<<<<
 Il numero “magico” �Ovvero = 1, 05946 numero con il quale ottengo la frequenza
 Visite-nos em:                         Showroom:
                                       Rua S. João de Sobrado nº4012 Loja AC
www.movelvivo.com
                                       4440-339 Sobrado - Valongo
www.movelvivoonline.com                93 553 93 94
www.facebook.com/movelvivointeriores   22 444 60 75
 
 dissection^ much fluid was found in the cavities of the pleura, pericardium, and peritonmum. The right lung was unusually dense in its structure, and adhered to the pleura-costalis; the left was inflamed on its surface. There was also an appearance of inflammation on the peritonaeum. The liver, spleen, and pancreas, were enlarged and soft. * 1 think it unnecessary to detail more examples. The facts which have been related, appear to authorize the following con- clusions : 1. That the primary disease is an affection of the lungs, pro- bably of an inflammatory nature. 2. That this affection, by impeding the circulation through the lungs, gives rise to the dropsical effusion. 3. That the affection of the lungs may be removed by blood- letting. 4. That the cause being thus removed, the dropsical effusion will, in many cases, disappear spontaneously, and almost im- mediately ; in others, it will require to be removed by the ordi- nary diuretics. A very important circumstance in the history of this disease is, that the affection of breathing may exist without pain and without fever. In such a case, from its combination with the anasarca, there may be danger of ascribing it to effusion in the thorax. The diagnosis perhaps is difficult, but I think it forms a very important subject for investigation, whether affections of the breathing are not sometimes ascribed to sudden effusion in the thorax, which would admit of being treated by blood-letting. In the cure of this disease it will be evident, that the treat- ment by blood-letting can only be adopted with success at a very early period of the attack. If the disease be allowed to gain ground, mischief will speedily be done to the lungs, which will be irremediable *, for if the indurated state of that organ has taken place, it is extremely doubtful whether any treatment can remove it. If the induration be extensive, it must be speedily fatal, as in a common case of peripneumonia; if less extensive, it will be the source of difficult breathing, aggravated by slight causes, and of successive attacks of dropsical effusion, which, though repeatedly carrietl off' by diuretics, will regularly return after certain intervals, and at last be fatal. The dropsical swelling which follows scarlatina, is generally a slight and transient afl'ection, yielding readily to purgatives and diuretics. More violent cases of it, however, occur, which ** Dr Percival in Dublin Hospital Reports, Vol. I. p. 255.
>>>>
Starting at the first line of the records above, please copy every line exactly through the line containing "22 444 60 75", and stop there.

**Solution to the problem**
 Il numero “magico” �Ovvero = 1, 05946 numero con il quale ottengo la frequenza
 Visite-nos em:                         Showroom:
                                       Rua S. João de Sobrado nº4012 Loja AC
www.movelvivo.com
                                       4440-339 Sobrado - Valongo
www.movelvivoonline.com                93 553 93 94
www.facebook.com/movelvivointeriores   22 444 60 75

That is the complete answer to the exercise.